If he had eaten of the Tree of Life (which he was barred from after the fall) he would have had eternal life.

Joseph, it sounds like you are moving toward a Pelagian view of man.


----------



## Robin

> _Originally posted by The Lamb_
> 
> 
> 
> _Originally posted by Robin_
> Romans 3:30-32
> since God is one. He will justify the circumcised *by* faith and the uncircumcised *through* faith. Do we then overthrow the law by this faith? By no means! On the contrary, we uphold the law.
> R.
> 
> 
> 
> 
> So if one could keep the Law perfectly, they could be saved? That is what i am asking!!!!!!!!!
> 
> Kevin Says no, you say yes...
> [Edited on 4-14-2005 by The Lamb]
Click to expand...


Hypotheticals are not good to pursue....

YES -- if (I-F) a person kept the Law perfectly they could be saved BUT that's only half of the equation. That person would also have bear the weight of the curse already exacted upon humanity. Their nature could not endure it because they would have to be God--

I agree with Kevin, as I'm sure he is meaning what is said below.

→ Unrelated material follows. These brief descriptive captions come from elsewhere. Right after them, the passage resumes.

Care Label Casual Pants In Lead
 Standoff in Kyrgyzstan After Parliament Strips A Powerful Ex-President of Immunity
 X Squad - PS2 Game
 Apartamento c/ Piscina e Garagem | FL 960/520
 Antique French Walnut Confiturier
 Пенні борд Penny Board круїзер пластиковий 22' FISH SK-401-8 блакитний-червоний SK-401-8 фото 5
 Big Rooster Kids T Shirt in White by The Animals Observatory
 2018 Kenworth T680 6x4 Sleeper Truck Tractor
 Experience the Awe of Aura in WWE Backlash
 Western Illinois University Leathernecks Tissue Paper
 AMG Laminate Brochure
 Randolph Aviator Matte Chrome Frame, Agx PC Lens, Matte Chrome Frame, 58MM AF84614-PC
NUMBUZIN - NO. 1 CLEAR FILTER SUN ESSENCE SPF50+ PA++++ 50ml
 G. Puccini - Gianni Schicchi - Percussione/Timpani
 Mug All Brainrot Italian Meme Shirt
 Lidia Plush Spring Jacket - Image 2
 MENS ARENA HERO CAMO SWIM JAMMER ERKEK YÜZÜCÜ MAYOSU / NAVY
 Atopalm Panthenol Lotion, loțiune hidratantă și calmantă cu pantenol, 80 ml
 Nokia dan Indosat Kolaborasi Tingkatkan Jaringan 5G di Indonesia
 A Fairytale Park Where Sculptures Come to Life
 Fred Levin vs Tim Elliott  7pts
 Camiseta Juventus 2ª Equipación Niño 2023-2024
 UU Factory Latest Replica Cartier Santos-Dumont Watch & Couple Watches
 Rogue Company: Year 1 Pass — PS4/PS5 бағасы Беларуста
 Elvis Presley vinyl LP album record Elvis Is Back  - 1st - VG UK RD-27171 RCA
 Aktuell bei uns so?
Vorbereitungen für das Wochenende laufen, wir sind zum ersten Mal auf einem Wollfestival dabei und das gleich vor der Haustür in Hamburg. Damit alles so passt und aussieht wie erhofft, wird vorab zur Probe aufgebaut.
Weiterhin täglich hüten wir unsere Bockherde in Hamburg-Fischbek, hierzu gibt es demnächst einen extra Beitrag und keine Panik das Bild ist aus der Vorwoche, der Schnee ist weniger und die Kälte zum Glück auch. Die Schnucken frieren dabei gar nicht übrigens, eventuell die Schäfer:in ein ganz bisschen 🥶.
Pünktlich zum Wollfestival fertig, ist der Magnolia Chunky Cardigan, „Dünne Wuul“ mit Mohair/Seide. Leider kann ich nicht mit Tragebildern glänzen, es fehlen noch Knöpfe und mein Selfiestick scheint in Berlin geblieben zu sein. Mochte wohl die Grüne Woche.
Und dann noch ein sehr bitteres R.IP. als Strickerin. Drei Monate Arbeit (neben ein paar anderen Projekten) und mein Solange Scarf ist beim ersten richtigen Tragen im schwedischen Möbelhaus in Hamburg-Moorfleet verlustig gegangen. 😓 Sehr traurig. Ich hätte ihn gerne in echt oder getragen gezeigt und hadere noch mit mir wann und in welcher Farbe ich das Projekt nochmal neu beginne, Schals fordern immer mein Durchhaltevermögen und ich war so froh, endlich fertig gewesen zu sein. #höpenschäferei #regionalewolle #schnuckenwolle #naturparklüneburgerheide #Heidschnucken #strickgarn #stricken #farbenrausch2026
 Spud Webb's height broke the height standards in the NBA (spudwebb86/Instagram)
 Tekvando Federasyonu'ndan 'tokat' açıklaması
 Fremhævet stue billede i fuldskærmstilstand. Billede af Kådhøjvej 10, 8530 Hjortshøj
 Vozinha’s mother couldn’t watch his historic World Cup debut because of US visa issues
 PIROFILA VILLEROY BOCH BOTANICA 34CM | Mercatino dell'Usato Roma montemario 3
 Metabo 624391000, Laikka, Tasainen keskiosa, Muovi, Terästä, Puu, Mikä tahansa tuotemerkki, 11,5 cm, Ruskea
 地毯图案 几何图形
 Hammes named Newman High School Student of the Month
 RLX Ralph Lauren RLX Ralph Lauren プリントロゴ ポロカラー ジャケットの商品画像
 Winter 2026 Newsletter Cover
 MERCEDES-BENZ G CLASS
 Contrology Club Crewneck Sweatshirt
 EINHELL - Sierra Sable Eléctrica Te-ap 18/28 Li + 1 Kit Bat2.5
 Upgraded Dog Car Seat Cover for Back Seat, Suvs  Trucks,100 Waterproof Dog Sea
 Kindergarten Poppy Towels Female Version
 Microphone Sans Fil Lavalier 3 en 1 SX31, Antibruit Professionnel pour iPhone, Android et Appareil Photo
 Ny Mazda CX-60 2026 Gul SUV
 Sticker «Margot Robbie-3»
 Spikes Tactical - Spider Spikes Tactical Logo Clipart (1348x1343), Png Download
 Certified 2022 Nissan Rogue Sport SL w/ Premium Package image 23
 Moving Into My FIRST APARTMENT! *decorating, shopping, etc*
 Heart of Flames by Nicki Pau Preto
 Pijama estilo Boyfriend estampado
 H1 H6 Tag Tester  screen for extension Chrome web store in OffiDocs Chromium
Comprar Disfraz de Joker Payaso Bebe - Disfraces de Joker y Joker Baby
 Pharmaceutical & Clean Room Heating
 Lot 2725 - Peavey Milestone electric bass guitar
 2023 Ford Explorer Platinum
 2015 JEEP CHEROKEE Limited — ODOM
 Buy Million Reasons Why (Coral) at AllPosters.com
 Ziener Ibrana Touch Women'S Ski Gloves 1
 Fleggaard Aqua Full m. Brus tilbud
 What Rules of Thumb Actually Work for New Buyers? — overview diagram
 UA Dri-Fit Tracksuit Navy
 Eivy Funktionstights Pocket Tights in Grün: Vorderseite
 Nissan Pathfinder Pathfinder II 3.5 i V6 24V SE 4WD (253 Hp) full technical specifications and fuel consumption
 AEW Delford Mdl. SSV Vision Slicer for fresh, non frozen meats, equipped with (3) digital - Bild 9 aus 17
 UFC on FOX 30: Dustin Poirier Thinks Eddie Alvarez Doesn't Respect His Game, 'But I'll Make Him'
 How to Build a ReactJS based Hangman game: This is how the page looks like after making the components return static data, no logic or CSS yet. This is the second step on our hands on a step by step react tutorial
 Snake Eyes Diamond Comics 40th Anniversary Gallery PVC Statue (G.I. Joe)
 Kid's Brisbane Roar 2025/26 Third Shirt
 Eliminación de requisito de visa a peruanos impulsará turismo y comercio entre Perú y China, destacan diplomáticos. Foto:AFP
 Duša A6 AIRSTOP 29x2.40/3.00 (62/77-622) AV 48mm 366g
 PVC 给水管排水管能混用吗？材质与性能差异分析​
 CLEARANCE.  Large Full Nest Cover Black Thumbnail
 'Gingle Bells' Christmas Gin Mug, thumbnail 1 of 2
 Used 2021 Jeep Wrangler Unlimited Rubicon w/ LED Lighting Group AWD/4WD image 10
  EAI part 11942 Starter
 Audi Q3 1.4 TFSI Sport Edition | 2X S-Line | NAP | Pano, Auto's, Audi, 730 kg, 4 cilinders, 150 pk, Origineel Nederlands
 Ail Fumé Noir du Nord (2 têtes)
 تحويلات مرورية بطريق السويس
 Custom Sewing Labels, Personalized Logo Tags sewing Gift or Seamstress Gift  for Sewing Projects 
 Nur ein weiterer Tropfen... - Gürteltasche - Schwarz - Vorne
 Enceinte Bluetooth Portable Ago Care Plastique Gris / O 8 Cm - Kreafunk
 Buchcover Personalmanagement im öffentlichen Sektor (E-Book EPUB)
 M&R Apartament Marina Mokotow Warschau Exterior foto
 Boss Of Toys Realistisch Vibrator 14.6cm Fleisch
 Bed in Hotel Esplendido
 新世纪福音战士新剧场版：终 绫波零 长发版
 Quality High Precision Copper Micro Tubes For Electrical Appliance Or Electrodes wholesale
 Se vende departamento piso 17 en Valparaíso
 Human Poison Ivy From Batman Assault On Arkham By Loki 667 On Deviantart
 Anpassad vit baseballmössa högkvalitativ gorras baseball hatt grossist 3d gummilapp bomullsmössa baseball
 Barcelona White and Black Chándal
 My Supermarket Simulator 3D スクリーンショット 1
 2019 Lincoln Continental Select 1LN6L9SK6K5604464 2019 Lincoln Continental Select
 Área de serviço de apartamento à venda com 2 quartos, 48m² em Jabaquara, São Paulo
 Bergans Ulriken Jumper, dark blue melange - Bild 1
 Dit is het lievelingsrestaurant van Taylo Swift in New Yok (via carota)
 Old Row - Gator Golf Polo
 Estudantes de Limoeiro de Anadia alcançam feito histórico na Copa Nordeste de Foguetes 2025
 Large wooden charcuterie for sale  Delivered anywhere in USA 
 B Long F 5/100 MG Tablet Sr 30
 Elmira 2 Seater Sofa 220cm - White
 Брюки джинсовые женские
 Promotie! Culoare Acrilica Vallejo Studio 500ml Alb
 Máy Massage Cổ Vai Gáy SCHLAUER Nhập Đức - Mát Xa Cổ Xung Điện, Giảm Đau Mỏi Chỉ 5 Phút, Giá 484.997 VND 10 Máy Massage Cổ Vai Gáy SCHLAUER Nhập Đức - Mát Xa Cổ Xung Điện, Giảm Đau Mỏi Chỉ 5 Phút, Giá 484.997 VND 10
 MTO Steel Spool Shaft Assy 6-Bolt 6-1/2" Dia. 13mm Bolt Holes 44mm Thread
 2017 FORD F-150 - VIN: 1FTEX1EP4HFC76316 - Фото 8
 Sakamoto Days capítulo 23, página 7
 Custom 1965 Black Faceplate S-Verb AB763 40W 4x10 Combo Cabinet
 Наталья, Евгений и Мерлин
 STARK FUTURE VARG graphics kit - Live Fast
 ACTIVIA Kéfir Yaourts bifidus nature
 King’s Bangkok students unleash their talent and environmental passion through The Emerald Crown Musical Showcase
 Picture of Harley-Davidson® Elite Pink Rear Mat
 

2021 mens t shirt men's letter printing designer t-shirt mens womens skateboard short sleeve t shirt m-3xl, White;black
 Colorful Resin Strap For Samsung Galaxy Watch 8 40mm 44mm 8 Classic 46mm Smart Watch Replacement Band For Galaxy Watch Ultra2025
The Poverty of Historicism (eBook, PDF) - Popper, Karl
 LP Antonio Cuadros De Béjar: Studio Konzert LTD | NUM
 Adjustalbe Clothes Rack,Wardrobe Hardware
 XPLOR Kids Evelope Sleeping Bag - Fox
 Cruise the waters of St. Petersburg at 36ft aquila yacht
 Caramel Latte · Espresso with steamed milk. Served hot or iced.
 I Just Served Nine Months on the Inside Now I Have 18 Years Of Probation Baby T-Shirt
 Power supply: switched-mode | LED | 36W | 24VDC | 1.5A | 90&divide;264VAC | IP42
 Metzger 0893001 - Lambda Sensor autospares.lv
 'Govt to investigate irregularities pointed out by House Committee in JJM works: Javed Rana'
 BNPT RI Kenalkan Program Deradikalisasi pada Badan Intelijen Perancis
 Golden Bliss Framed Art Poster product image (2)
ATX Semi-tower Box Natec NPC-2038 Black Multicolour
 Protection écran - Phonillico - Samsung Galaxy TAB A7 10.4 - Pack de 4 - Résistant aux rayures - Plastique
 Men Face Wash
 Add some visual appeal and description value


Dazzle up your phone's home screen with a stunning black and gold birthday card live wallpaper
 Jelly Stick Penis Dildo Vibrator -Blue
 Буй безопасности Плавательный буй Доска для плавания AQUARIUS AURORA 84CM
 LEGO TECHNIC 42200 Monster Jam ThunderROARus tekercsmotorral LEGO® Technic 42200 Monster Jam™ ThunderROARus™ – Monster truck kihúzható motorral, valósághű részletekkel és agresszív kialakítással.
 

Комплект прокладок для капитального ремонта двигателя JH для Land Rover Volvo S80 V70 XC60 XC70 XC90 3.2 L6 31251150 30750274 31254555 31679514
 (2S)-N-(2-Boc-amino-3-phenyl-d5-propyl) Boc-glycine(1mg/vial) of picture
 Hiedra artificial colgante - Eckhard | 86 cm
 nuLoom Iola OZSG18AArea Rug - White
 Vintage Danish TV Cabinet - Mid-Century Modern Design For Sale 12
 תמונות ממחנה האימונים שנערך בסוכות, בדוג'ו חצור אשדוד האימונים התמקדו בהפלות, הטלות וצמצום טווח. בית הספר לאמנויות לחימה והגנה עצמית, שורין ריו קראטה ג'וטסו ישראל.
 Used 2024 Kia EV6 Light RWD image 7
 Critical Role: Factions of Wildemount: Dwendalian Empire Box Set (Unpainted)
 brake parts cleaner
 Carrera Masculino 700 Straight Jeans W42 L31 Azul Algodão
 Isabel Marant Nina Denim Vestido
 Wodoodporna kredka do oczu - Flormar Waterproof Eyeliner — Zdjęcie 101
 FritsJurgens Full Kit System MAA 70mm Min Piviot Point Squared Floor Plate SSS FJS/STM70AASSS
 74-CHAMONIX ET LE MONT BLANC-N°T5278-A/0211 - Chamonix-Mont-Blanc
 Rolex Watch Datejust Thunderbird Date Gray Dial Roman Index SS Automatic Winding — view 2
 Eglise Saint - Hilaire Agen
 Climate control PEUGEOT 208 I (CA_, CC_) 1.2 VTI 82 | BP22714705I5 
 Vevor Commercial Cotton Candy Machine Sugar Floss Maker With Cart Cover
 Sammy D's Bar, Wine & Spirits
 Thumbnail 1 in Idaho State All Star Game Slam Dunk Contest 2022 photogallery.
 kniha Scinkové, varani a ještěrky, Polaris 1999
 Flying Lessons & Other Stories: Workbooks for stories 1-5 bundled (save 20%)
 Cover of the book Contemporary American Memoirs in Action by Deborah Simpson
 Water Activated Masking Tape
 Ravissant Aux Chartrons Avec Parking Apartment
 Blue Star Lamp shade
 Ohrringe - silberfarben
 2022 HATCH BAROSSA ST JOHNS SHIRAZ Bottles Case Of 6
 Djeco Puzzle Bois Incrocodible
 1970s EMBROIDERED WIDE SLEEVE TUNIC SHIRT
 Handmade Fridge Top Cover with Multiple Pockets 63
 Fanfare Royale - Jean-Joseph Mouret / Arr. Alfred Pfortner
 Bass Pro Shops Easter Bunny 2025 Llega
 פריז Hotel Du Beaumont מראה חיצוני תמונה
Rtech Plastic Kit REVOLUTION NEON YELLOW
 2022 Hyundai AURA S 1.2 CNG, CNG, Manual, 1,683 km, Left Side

There is more to Redemption than keeping the Law perfectly:

The Heidelberg Catechism:
(Regarding the Savior)

Question 16. Why must he be very man, and also perfectly righteous?

Answer: Because the justice of God requires that the same human nature which has sinned, should likewise make satisfaction for sin; (a) and one, who is himself a sinner, cannot satisfy for others. (b)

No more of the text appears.